What’s Old Is New Again
To start, let me state that the Apple under Steve Jobs’ second reign was not much like the original Apple. There was less hubris and bravado than Apple of the early to mid-1980s.
Maybe Steve Jobs had matured, but he ran Apple with a disciplined hand, and just the right balance of pragmatism and vision for Apple to create more next great things than any other tech company.
Alright, how is Apple faring under CEO Tim Cook, who, by the way, studied at Jobs’ right hand for much of the second coming?
There are changes, yes. But there are no discernible differences in how Apple operates now vs. then.
I know what you’re thinking. ‘Wait a minute, Kate. What about this long and growing line of issues that never would have occurred under Steve Jobs?‘
There’s Apple’s Maps and the divorce from Google, all the patent lawsuits, the canning of Jobs protege Scott Forstall, the slow product refresh rate, the giving of money back to shareholders, the hatred of Samsung, and the stock price and iBook Store fiascos.
Seriously? Does anyone who watches or studies Apple think those items would not have happened under Jobs’ reign?
How about MobileMe, Antennagate, patent lawsuits, product delays, and stock backdating issues and lawsuits?

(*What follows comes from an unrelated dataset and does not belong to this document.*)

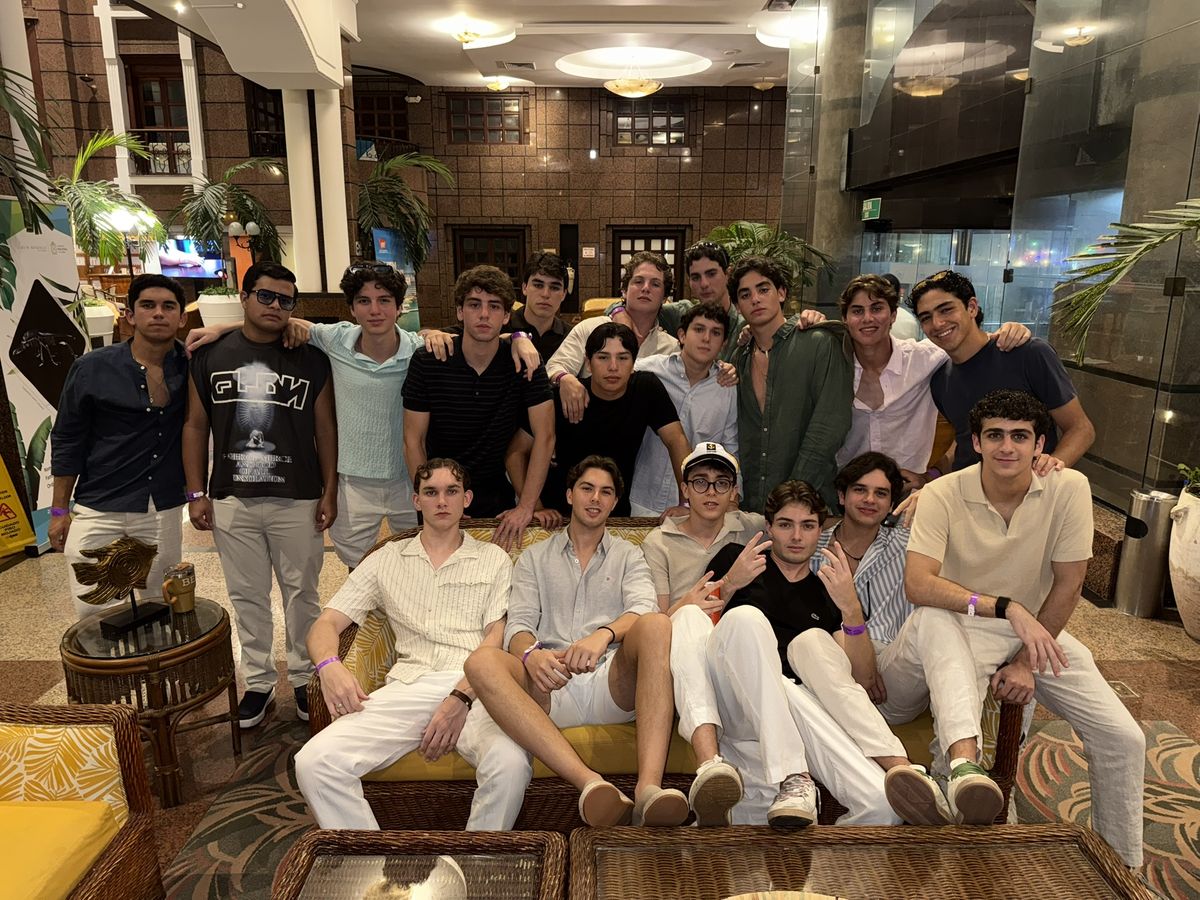 san andres KCP 2026 (9)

Apple under Jobs had similar high profile issues so it’s difficult to see that Apple is doing anything much differently under Cook.
Apple’s executive management team has a number of new players, of course, but executives left the company under Jobs as well (Avie Tevanian, Jon Rubenstein, Tony Fadell, Nancy Heinen, Bertrand Serlet, Fred Anderson), and not always under the best of circumstances.
Wasn’t Apple’s advertising better under Jobs watchful eye? Perhaps not so much. True, there were great iPod ads, wonderful ‘I’m a Mac, I’m a PC’ ads but there was also the infamous Intel flaming bunny ads and others that were as forgettable as the ‘Think Different’ ads are memorable.
Apple as a company has a culture, much of which was shaped by Jobs, but implemented by a cadre of lieutenants who still run the company’s day to day operations. Not much has actually changed, including the tendency for tech media to pile on Apple’s every move with a litany of ridiculous conclusions based upon flimsy evidence and less analysis.
As to those who decry Apple’s recent drop in profits and stall in revenue growth, please be reminded that Apple had some dark periods in the early part of the new century when Jobs ran the show. In fact, most of the recent stock climb and drop, and profit climb, and drop, came under Cook’s watch, not Jobs.
Despite the new products, renewed competition, and piles of riches, Apple seems pretty much like the same old Apple.